Second, new types of particles exist with the property known as charm. In recent years, charmed particles have been found in many different experiments. But E1A's evidence, while indirect (in about 100 cases the magnets found two neutrinos instead of just one), was the first.
Meanwhile, in other neutrino experiments at Fermilab and at other institutions around the world, new discoveries are coming in rapidly.
What do these discoveries mean? Perhaps they don't seem very exciting by themselves. But that's the point: they are not by themselves, they are part of a pattern. Scientific research has often been compared to putting together a puzzle. That's a good analogy. But remember, for this puzzle there's no picture on the box-top. No one is even sure how many pieces there are, or if the pieces they've already got are assembled correctly. So particle physicists, like all scientists, gather their new pieces of data slowly and carefully. Then they put them together in different combinations, trying as best they can to guess the overall pattern.
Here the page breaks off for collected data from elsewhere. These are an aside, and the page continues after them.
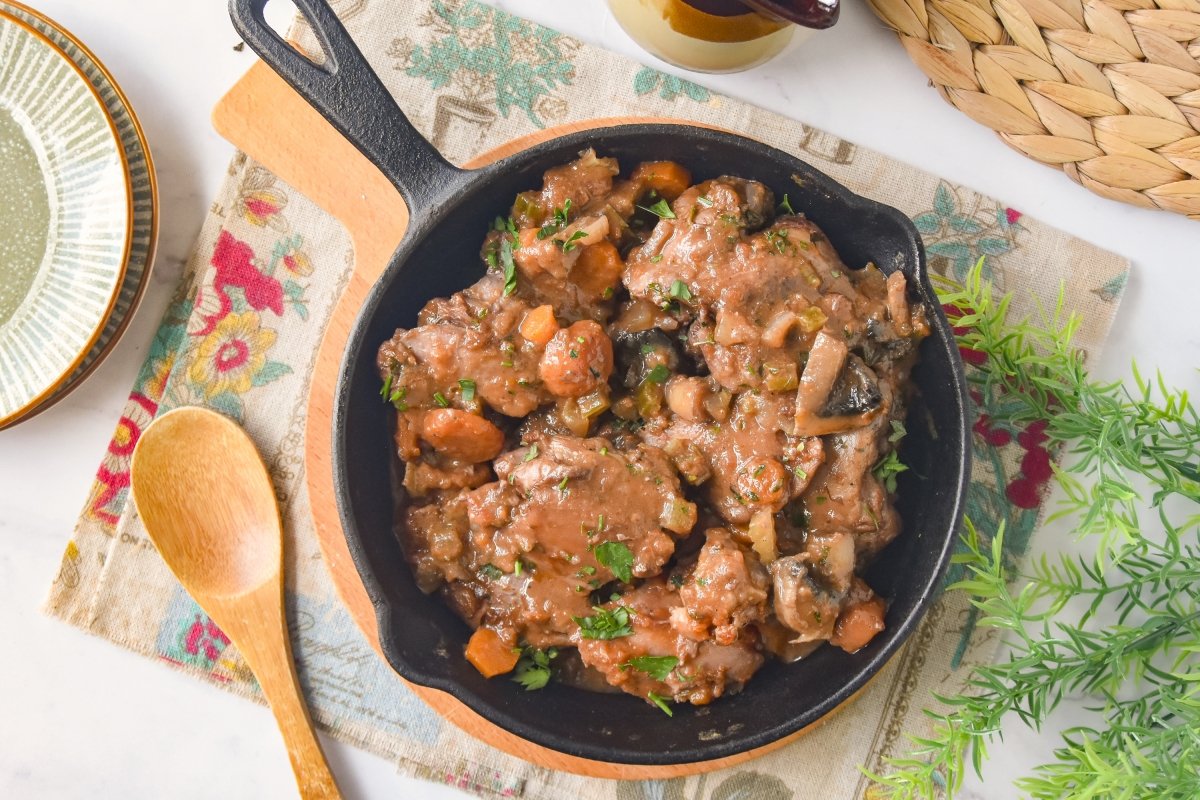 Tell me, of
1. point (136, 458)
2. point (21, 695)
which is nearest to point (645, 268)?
point (136, 458)

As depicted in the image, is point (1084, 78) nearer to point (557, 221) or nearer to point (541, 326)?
point (557, 221)

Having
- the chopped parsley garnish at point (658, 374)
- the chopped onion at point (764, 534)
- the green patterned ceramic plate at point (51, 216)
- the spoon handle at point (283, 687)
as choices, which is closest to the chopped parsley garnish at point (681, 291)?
the chopped parsley garnish at point (658, 374)

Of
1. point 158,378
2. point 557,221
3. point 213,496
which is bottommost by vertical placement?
point 213,496

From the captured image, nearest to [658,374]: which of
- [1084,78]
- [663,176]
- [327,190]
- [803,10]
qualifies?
[663,176]

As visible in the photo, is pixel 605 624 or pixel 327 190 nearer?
pixel 605 624

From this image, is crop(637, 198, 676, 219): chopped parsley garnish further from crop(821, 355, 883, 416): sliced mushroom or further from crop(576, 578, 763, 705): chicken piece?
crop(576, 578, 763, 705): chicken piece

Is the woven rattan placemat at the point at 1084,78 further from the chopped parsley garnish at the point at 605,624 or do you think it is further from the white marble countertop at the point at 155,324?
the chopped parsley garnish at the point at 605,624

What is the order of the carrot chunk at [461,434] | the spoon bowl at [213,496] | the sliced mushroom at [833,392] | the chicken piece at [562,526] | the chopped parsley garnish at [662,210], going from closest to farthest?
1. the sliced mushroom at [833,392]
2. the chicken piece at [562,526]
3. the carrot chunk at [461,434]
4. the chopped parsley garnish at [662,210]
5. the spoon bowl at [213,496] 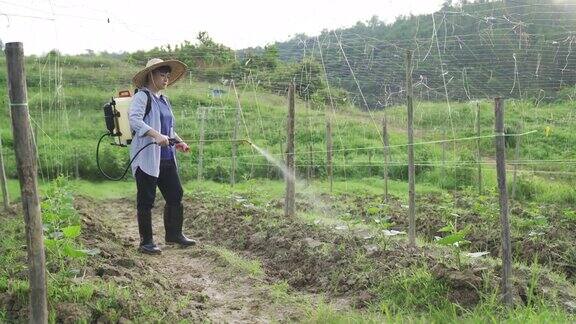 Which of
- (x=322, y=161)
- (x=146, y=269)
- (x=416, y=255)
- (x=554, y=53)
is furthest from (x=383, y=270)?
(x=322, y=161)

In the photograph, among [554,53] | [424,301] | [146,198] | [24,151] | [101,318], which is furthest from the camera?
[554,53]

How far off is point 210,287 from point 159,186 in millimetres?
1617

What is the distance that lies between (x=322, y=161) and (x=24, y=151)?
13904 mm

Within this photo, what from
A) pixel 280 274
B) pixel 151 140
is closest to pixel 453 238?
pixel 280 274

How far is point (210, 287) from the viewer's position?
4.83 m

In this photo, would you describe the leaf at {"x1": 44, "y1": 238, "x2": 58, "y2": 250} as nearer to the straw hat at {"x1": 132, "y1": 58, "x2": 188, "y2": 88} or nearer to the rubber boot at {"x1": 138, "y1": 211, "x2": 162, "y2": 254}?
the rubber boot at {"x1": 138, "y1": 211, "x2": 162, "y2": 254}

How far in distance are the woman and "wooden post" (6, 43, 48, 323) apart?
2227mm

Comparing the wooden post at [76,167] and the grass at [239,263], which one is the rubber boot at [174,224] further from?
the wooden post at [76,167]

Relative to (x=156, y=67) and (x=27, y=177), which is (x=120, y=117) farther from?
(x=27, y=177)

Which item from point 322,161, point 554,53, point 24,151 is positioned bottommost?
point 322,161

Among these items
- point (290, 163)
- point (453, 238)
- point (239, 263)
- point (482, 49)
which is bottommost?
point (239, 263)

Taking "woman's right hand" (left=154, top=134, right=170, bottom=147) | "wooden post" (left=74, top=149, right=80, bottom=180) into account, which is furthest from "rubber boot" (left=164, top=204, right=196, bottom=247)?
"wooden post" (left=74, top=149, right=80, bottom=180)

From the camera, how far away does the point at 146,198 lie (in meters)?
5.78

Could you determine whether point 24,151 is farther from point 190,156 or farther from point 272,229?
point 190,156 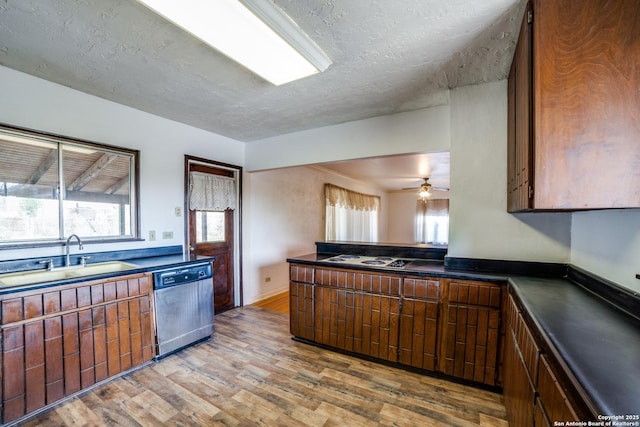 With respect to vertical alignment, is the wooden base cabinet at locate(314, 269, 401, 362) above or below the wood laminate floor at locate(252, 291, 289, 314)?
above

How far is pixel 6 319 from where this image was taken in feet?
5.27

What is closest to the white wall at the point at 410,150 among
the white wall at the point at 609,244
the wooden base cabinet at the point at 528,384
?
the white wall at the point at 609,244

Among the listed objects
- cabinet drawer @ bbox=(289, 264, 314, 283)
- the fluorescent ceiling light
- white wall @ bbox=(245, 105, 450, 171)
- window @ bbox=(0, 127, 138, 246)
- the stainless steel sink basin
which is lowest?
cabinet drawer @ bbox=(289, 264, 314, 283)

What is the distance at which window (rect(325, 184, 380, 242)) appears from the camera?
19.1ft

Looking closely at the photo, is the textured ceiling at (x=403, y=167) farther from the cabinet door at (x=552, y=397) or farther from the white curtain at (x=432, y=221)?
the cabinet door at (x=552, y=397)

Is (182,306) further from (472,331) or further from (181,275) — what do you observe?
(472,331)

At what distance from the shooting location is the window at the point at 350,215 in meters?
5.82

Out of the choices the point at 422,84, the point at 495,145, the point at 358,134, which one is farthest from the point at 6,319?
the point at 495,145

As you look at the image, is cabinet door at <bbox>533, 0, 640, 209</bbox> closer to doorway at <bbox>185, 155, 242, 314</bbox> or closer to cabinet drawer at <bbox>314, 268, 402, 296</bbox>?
cabinet drawer at <bbox>314, 268, 402, 296</bbox>

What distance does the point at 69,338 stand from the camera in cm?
185

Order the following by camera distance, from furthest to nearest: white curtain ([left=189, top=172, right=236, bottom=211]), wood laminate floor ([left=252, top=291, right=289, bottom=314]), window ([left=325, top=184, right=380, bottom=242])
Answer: window ([left=325, top=184, right=380, bottom=242]) < wood laminate floor ([left=252, top=291, right=289, bottom=314]) < white curtain ([left=189, top=172, right=236, bottom=211])

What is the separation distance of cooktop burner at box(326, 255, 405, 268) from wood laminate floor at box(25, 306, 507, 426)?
876 millimetres

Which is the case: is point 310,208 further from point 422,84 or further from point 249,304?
point 422,84

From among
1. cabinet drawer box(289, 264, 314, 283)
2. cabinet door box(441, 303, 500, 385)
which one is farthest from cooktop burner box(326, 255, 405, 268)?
cabinet door box(441, 303, 500, 385) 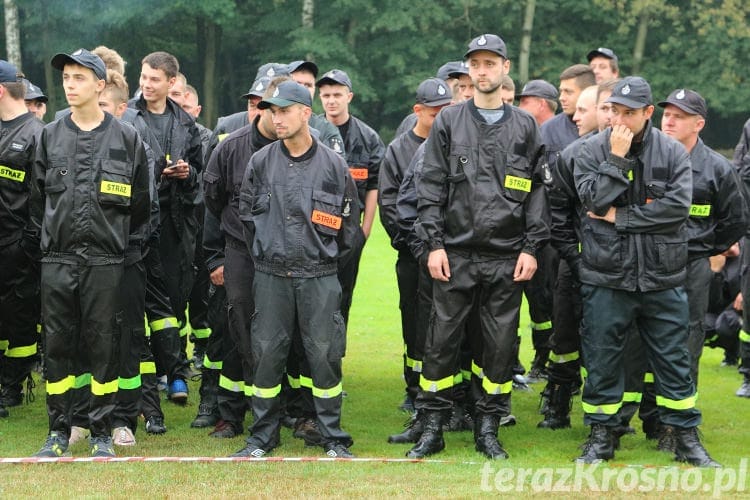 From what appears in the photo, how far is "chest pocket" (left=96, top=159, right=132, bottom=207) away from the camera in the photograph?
7250 mm

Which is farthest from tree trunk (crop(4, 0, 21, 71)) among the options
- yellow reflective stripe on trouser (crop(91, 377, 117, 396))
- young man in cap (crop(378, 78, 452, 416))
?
yellow reflective stripe on trouser (crop(91, 377, 117, 396))

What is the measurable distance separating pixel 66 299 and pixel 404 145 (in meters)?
3.08

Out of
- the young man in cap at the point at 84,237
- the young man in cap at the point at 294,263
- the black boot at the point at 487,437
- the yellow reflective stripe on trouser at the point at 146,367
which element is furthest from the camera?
the yellow reflective stripe on trouser at the point at 146,367

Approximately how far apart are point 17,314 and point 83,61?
2.63m

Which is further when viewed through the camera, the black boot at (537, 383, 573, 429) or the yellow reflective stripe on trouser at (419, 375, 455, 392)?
the black boot at (537, 383, 573, 429)

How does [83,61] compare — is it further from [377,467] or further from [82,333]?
[377,467]

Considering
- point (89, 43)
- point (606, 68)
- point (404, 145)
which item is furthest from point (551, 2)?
point (404, 145)

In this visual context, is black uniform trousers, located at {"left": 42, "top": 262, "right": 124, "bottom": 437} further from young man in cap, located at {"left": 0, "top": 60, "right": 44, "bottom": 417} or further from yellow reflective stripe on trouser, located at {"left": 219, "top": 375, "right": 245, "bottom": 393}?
young man in cap, located at {"left": 0, "top": 60, "right": 44, "bottom": 417}

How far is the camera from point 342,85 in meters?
9.85

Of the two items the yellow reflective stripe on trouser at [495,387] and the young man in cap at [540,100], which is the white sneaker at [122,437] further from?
the young man in cap at [540,100]

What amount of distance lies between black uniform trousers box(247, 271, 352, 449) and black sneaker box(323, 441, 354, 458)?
0.13ft

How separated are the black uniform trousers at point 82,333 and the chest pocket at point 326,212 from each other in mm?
1334

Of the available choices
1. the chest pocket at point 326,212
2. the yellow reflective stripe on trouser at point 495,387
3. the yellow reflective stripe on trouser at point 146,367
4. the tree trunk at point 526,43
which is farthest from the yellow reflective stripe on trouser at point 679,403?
the tree trunk at point 526,43

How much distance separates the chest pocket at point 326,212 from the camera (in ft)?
24.6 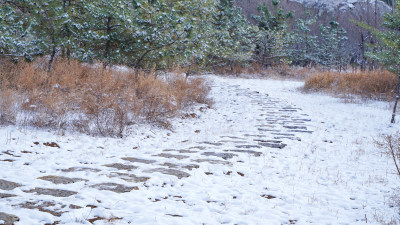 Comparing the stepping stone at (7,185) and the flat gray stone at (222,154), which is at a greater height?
the stepping stone at (7,185)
Individual facts, like individual pieces of a puzzle, may or may not be interesting in themselves; their real importance comes when they advance our knowledge of the pattern of nature.
So it is with neutral currents and charmed particles. In the last few years a new pattern has been emerging. New types of mathematical equations have been developed that promise to give us at last a unified theory of forces and particles. The theory -- which claims that the known particles are built out of unseen objects called quarks and gluons, which have marvelous properties like isospin, hypercharge, strangeness, and charm -- is far from its final form. But even so, physicists today share a mood of jubilation and excitement like nothing in recent memory, because two crucial bits of evidence for this theory, two absolutely essential pieces of the puzzle -- are first, the existence of neutral currents, and second, the existence of charmed particles.
The discovery of these two phenomena has fired in particle physicists the feeling that a revolution in scientific understanding may be very close. The new science of particles is still dim and hazy, but the mists are clearing very rapidly. And when the scientific history of this revolution is written, it will surely show that Fermilab and the Fermilab neutrinos played a vital role.
* Spokesmen for E-310 described this experiment and experimental results in an article in Scientific American Magazine, January, 1976, p.44, "The Search for New Families of Elementary Particles."
NOTE: Professor A.K. Mann, one of the collaborators on Experiment #310 mentioned in the article above, delivered a Sigma Xi lecture at Fermilab on Tuesday, January 25, 1977, at 8 p.m. in the Auditorium. Dr. Mann's lecture was titled, "Exploring the Universe with a Neutrino Microscope." He described the universal implications of the research which his group conducted at Fermilab.